Over the week we had many opportunities to explore the area and learn its history. We learned that coal mining really began when the Chesapeake & Ohio Railway was built through the New River Gorge back in the 1870s. With the railroad came the coal mining boom and hundreds of individual mines, owned by a handful of large companies. The population in Fayette County jumped from 6,000 to over 60,000 by 1920 and then again to over 82,000 in the 1940s. Since the 1950s coal mining has been in decline. Mining technology improvements, changes to household heating methods, improvements in electricity technology, the abundance of cheaper, cleaner US-produced natural gas, and the impact of having used up the easily accessible coal seams (leaving companies having to exploit the much more expensive harder-to-reach reserves), have all led to the closure of mines and mining companies. With that came joblessness and economic struggle. Towns disappeared. People moved away. The population in the area today is about half of what it was at its peak.

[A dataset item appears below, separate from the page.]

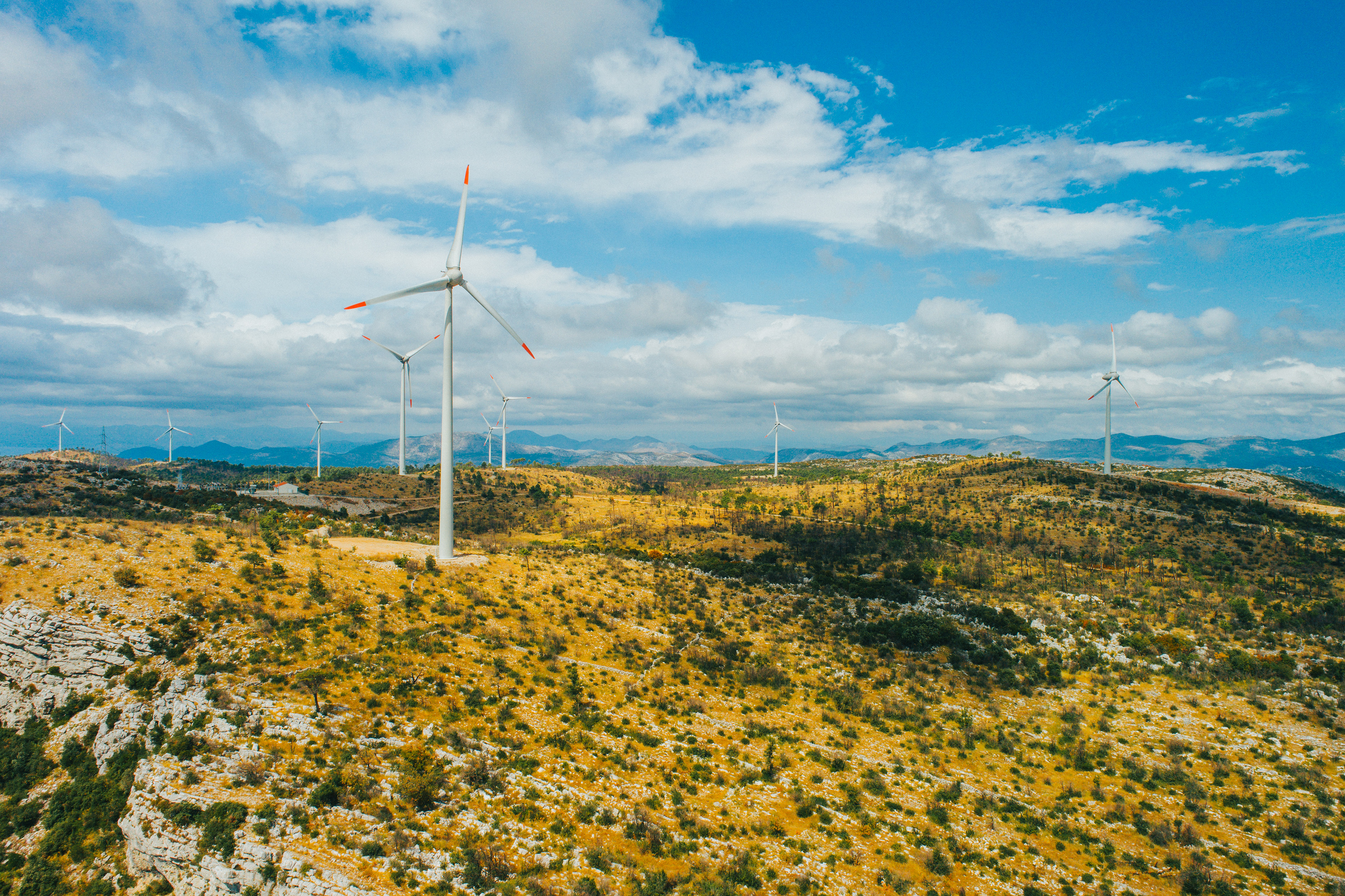 wind turbines on a farm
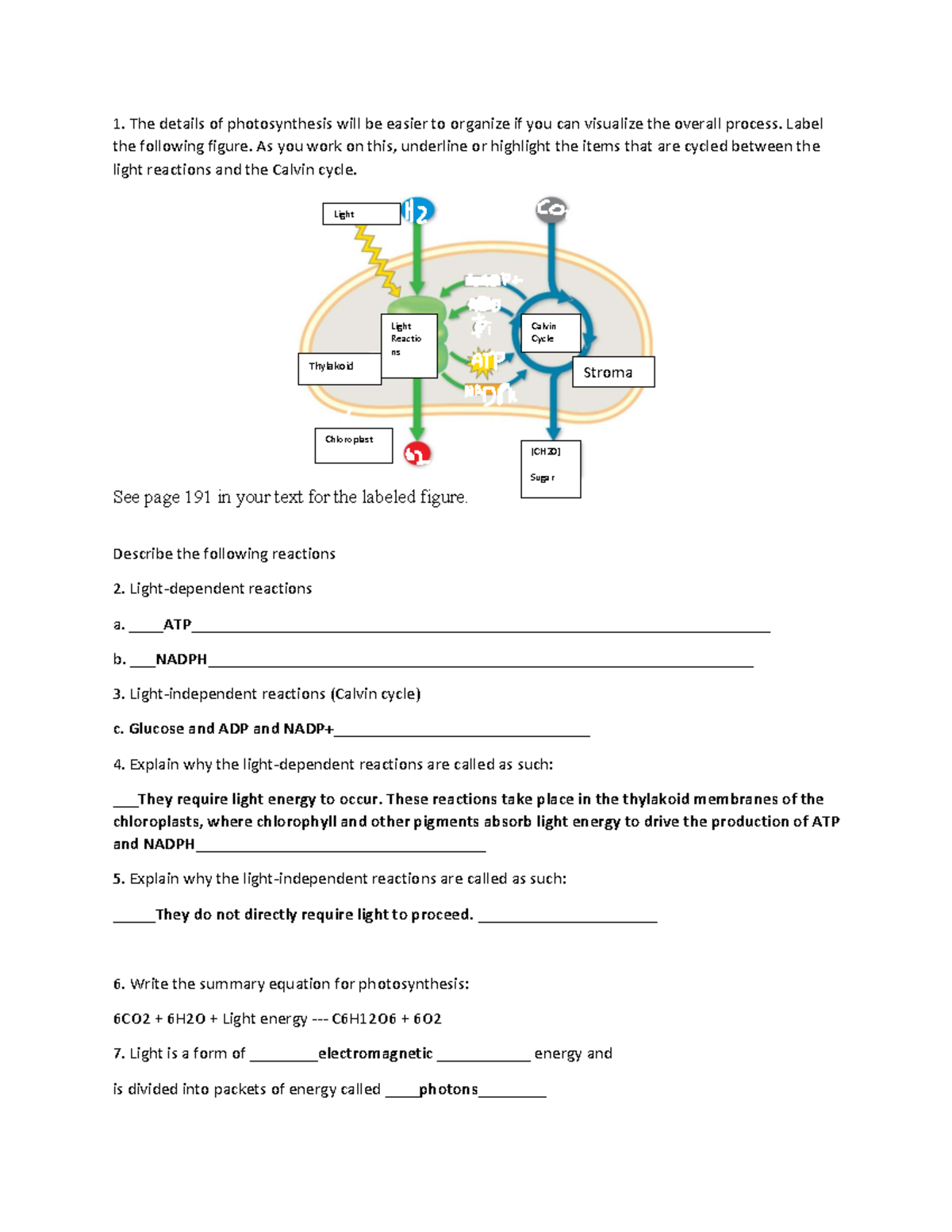Chapter 10 Study Guide: Photosynthesis Mechanisms and Reactions - The ...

One afternoon we toured a coal mine. Our guide had worked a mine for 40 years and we left with a profound amazement at the physical and mental conditions experienced by miners who toiled away in the complete darkness of 36 inch high spaces for 12 – 16 hours day, trying to make their tonnage quotas to earn their pay. Boys as young as 14 worked the mines driving mules to pull coal cars from the shafts or working 10 – 11 hours a day in picking shafts sorting rocks and other debris from the coal.
We toured a company store, originally built by the mining company as a hub of a coal community, where miners were paid and their families bought all their goods and supplies. From that we learned what life was like in the camps and for families.
We visited local mining towns, watching a homecoming parade and eating at a favorite local hotel. We hiked beautiful vistas along waterfalls and rivers and great gorges.
Everywhere we went we met open, friendly, welcoming, loving people who shared family stories. Everyone was connected to coal mining in some way. And of course, each day from 9 to 4 we were fortunate to work with our SALS team at the Gray house, helping with repairs and getting to know the local team in their generous, open, easygoing ways.
By the end of the week our group had only made a tiny dent in the long list of repairs at Mr. Gray’s house. The local SALS team will continue to work on it until everything is complete. Even though the end results of our physical work were meager, we were going home with so much more. I’m not sure what I expected from my experience when I first entered Beards Fork, but I left West Virginia with a great love of the people and the area. There is beauty and strength in both. It is something I will keep with me, reflect upon, learn from and share.
Great description of the land, people, and culture in West Virginia! I spent 2 months in Rainelle as an AmeriCorps volunteer and had a similar experience. I think what you’re doing, and your blog, is awesome. Thanks for sharing!